In Chapter 1, we began sandboxing. Workbench’s “Renderer” runs a series of Pandas-powered “Steps”. We give each Step a new process, so Steps can’t control Renderer or other Steps.

Workbench Steps’ environment — Python, Pandas, Numpy, Pyarrow — takes 1–2 seconds to start. But Renderer needs to launch several Steps per second, per CPU. We must optimize.

It costs 1–2 seconds between when Renderer calls subprocess.Popen() and when Step sandboxes itself. Importing Pandas, Numpy and Pyarrow takes too long.

We can’t “recycle” Step processes after they run a Step’s untrusted code. A “bad” Step could, say, rewrite Python’s open() built-in function to email our users’ data to the Step author. Once untrusted code has run, its Step process must die.

And logically, if each Step results in a process dying, each Step must involve a process being created. How can we quickly create a process that costs 2 seconds to start?

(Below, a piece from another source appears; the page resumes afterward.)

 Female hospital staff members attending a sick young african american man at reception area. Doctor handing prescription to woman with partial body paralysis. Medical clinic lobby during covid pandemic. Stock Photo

Let’s see why subprocess.Popen() is slow. It implements the fork-exec UNIX pattern, which actually involves two system calls:

clone() duplicates a process; execve() wipes its memory and makes it run something else
  1. clone() — duplicate all the RAM of the current process. Now there are two processes: the Renderer process and its near-exact clone, the Step process. The Renderer process continues; in it, clone()returns the Step process ID (“pid”). At the same time, the Step process continues at the exact same place; but there, clone() returns 0. Aside from that single integer difference, the two processes are identical.

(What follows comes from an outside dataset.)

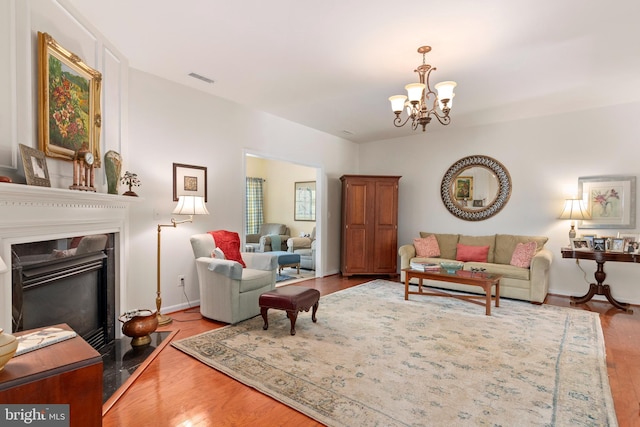 7482 Jeffreys Way, Easton, MD 21601 - living room with wood finished floors, a chandelier, a fireplace with flush hearth, and baseboards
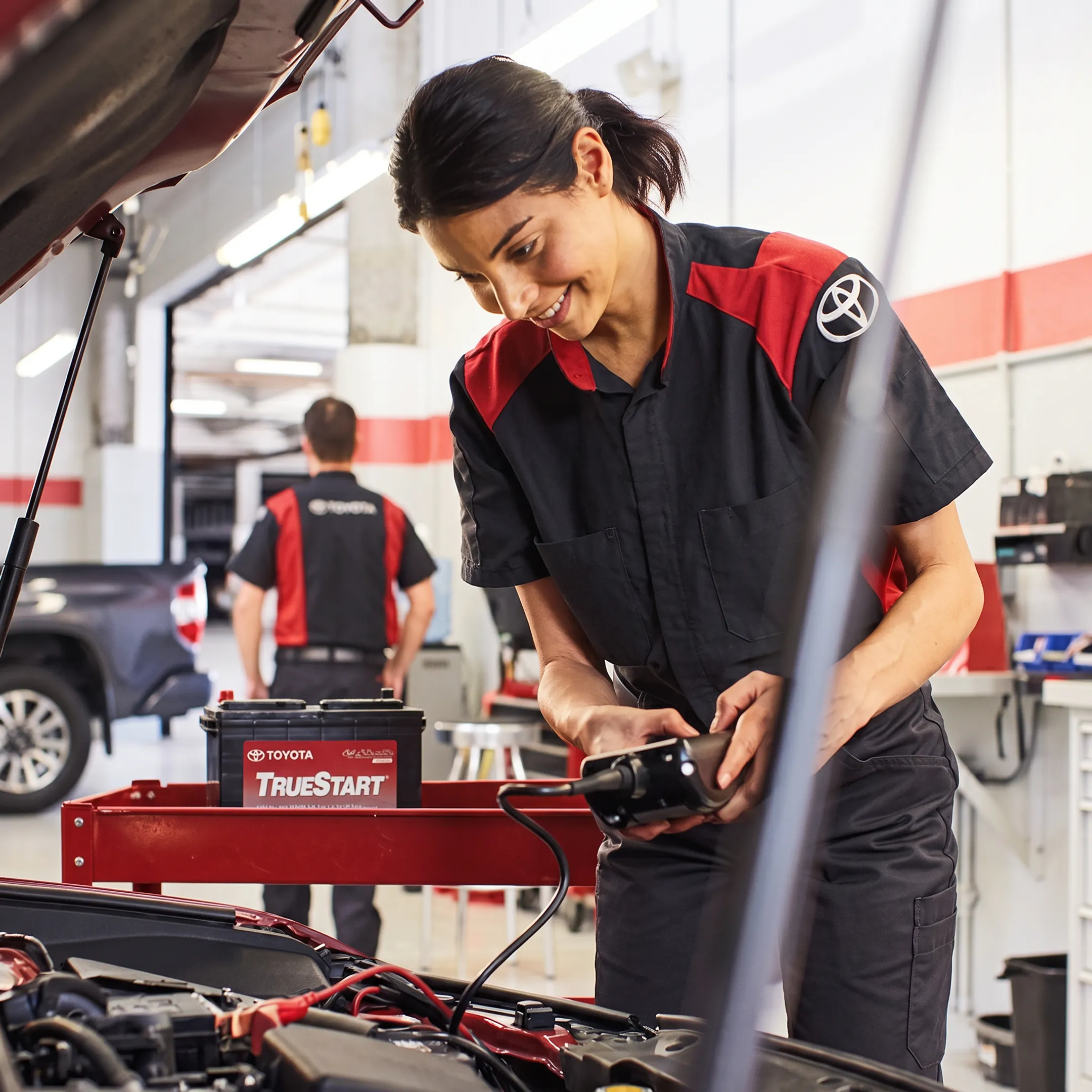 Toyota technician performing hybrid vehicle maintenance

(Linux implements the UNIX fork()function with its own clone() system call. The pattern is known as “fork-exec”; and on Linux, it boils down to “clone-exec.”)

Fork-exec isn’t unique to Python: it’s how UNIX works.

Surprisingly, clone() is fast — it costs less than 1 millisecond. You’d think copying all the RAM of a big process would be slow, but Linux takes a shortcut: it lets both processes reuse the same physical RAM; in the future, if Step or Renderer try to write to that RAM, they’ll create write to a copy instead. (This is called “copy-on-write.”)

The slow part (in Workbench) is execve() — because it starts Python and imports big modules.

Here’s a fun idea: don’t call execve(). Import the Python modules into Renderer itself and just clone():

Fast but unacceptable

This works (if Renderer is single-threaded). It’s fast. But we can’t use it: the Step process contains a copy of the Renderer process’s memory — including secrets and other users’ data.

We must cram an execve() into this design. That’s the only way to ensure Renderer’s secrets aren’t copied into a Step process.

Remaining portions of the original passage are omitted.